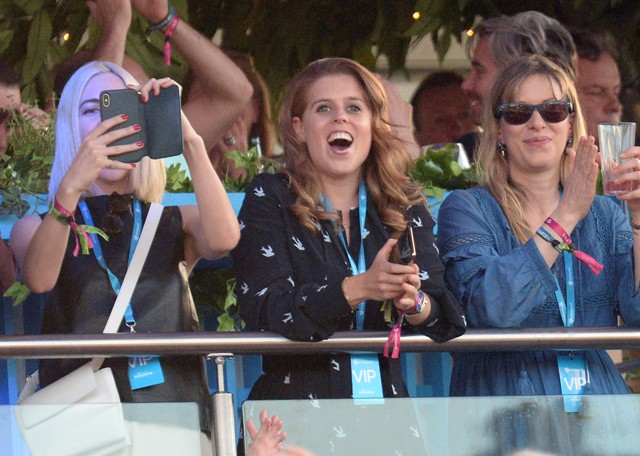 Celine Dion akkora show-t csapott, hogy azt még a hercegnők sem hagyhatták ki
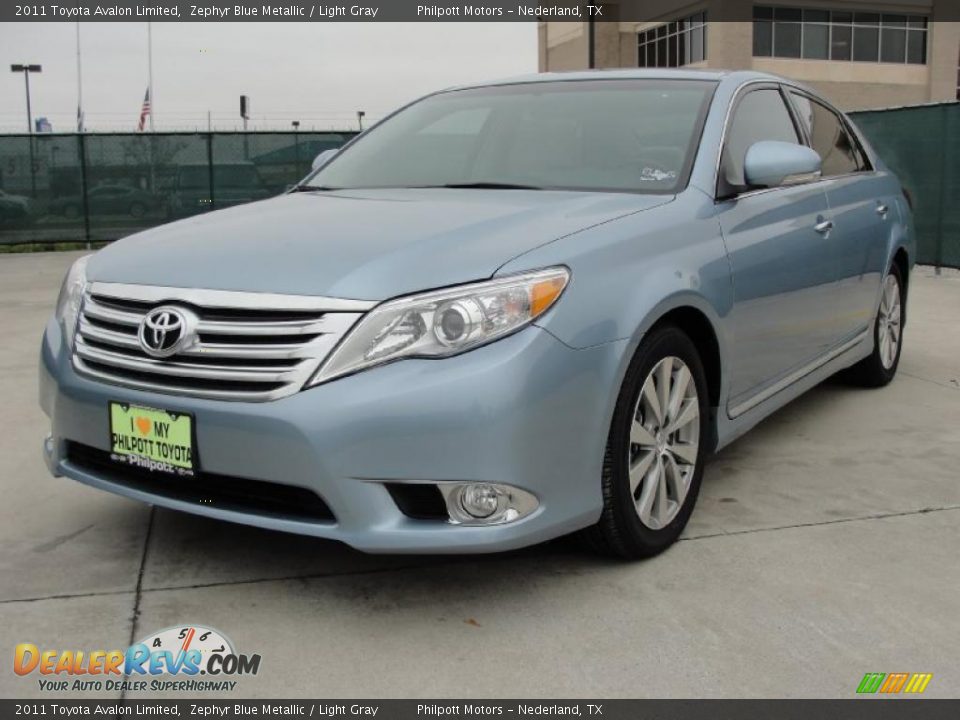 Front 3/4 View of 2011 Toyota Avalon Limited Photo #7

==

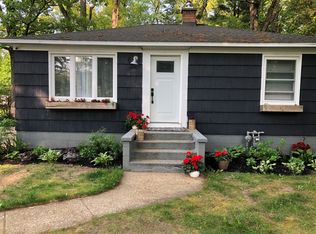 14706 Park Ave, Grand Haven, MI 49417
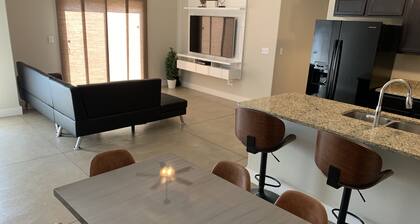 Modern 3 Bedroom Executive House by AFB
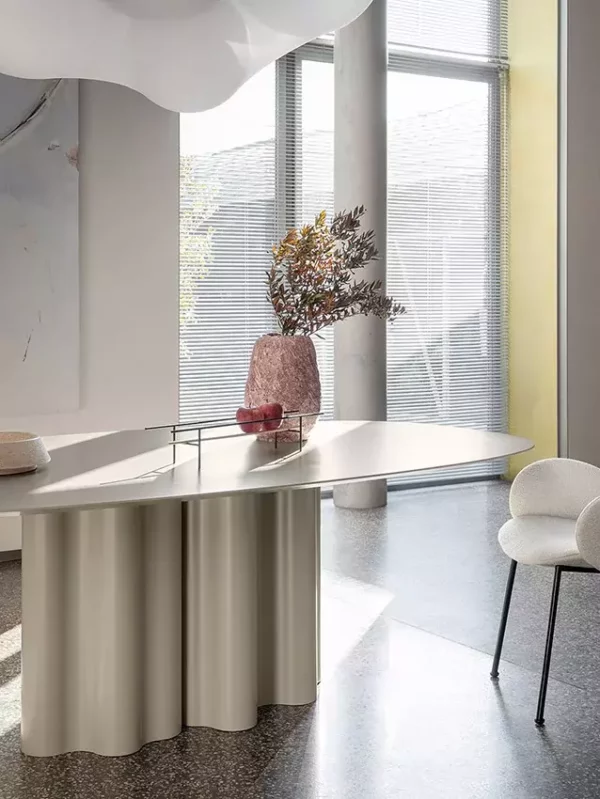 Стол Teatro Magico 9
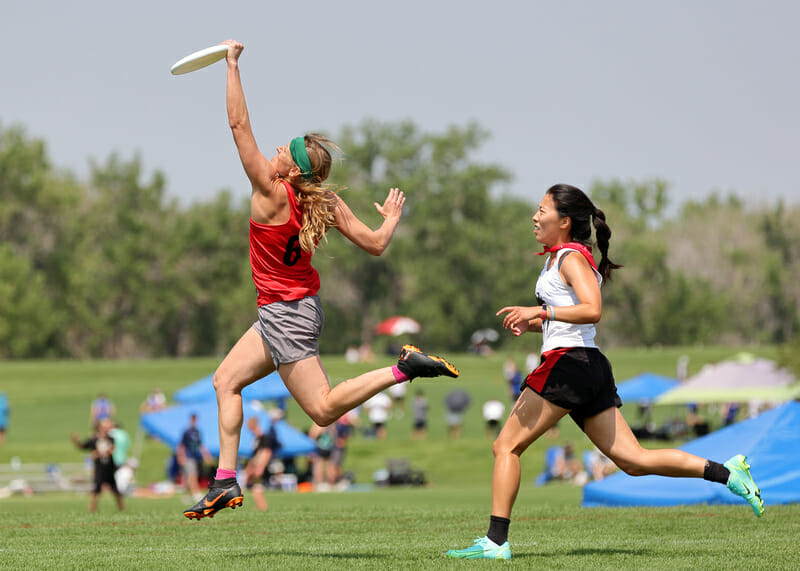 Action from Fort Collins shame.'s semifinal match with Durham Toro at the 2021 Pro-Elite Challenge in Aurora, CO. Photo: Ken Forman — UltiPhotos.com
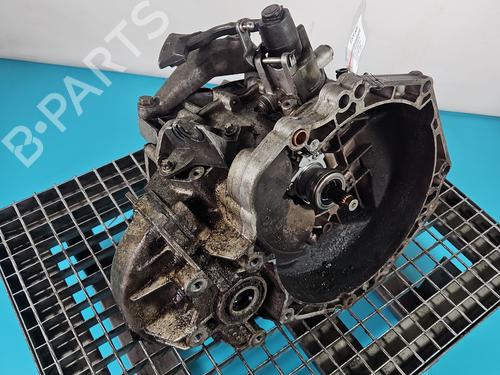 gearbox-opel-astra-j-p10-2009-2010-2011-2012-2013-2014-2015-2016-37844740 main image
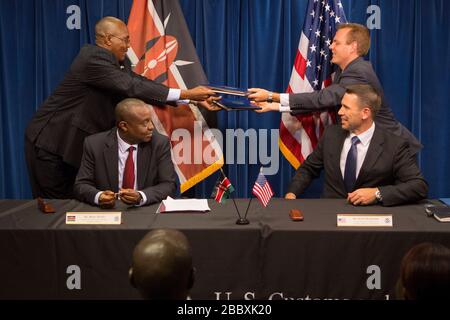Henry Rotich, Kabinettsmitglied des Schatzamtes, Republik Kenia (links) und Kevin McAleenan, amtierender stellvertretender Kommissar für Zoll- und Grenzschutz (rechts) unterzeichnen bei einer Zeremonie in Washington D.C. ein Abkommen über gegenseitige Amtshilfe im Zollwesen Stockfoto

WHAT TO DO: Pictures excluded, reproduce only the part above that opens with the line holding "Celine Dion akkora" and closes with the line holding "Front 3/4 View", exactly as written.

OUTPUT:
 Celine Dion akkora show-t csapott, hogy azt még a hercegnők sem hagyhatták ki
 Front 3/4 View of 2011 Toyota Avalon Limited Photo #7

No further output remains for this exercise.